Set the data down again, exactly as it reads, but without the pictures.

> Source data:

■ ■ ■ ■ ■

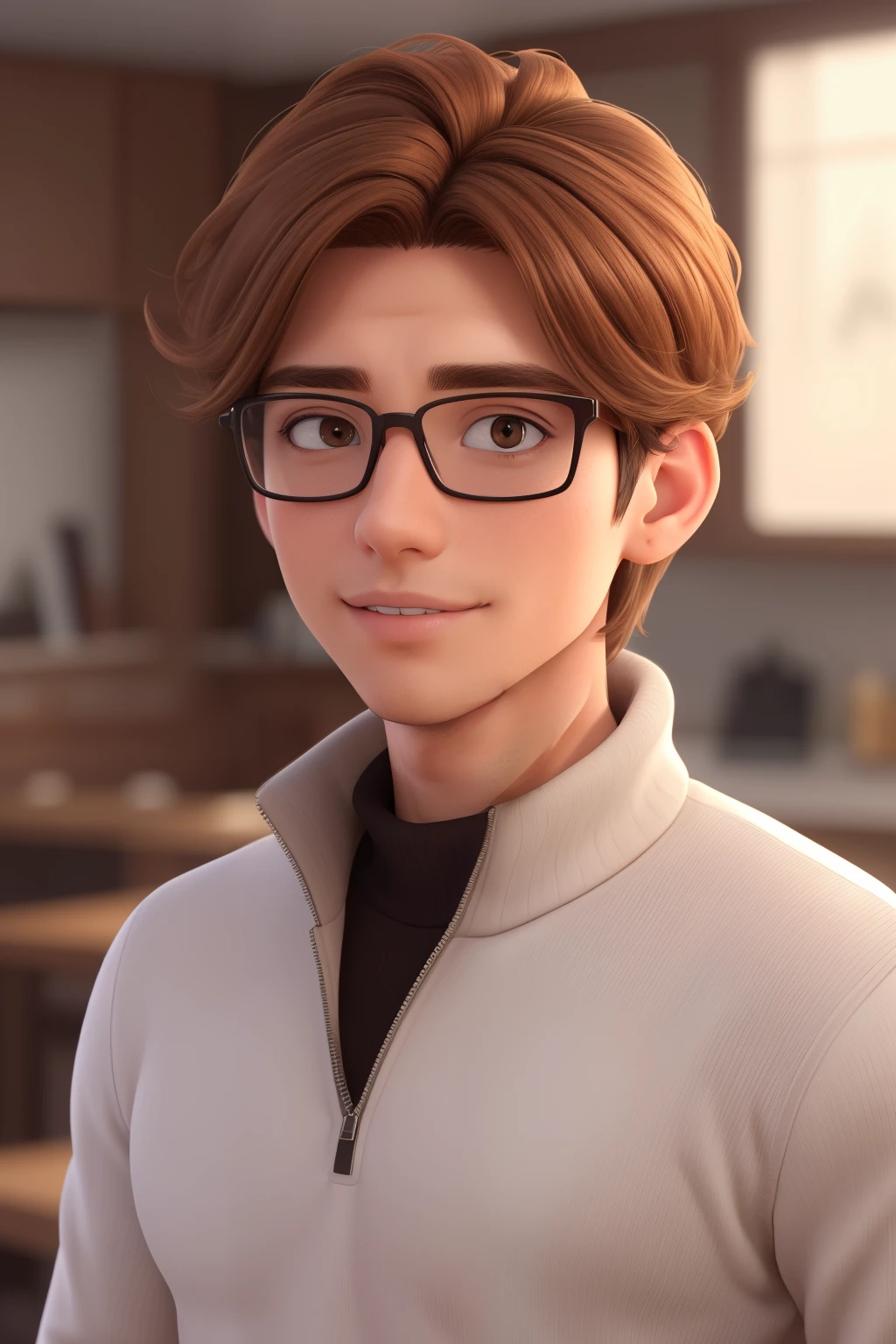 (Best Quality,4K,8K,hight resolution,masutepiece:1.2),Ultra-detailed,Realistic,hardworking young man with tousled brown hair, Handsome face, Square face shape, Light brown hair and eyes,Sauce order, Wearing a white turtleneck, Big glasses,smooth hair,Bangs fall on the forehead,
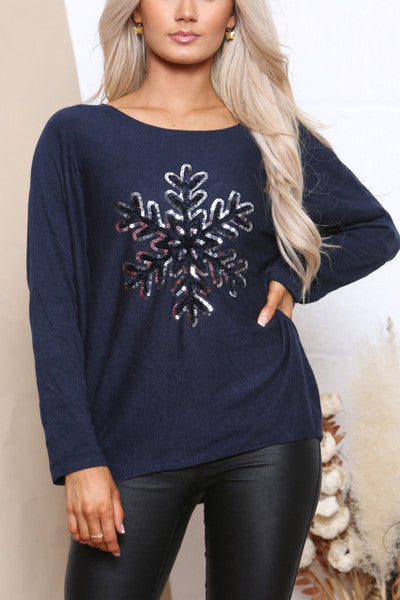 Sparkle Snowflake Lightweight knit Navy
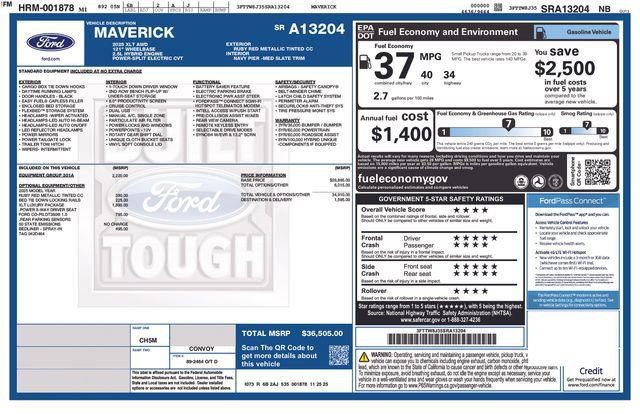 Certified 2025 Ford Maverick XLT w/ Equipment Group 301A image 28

■ ■ ■ ■ ■

> Final answer:
 (Best Quality,4K,8K,hight resolution,masutepiece:1.2),Ultra-detailed,Realistic,hardworking young man with tousled brown hair, Handsome face, Square face shape, Light brown hair and eyes,Sauce order, Wearing a white turtleneck, Big glasses,smooth hair,Bangs fall on the forehead,
 Sparkle Snowflake Lightweight knit Navy
 Certified 2025 Ford Maverick XLT w/ Equipment Group 301A image 28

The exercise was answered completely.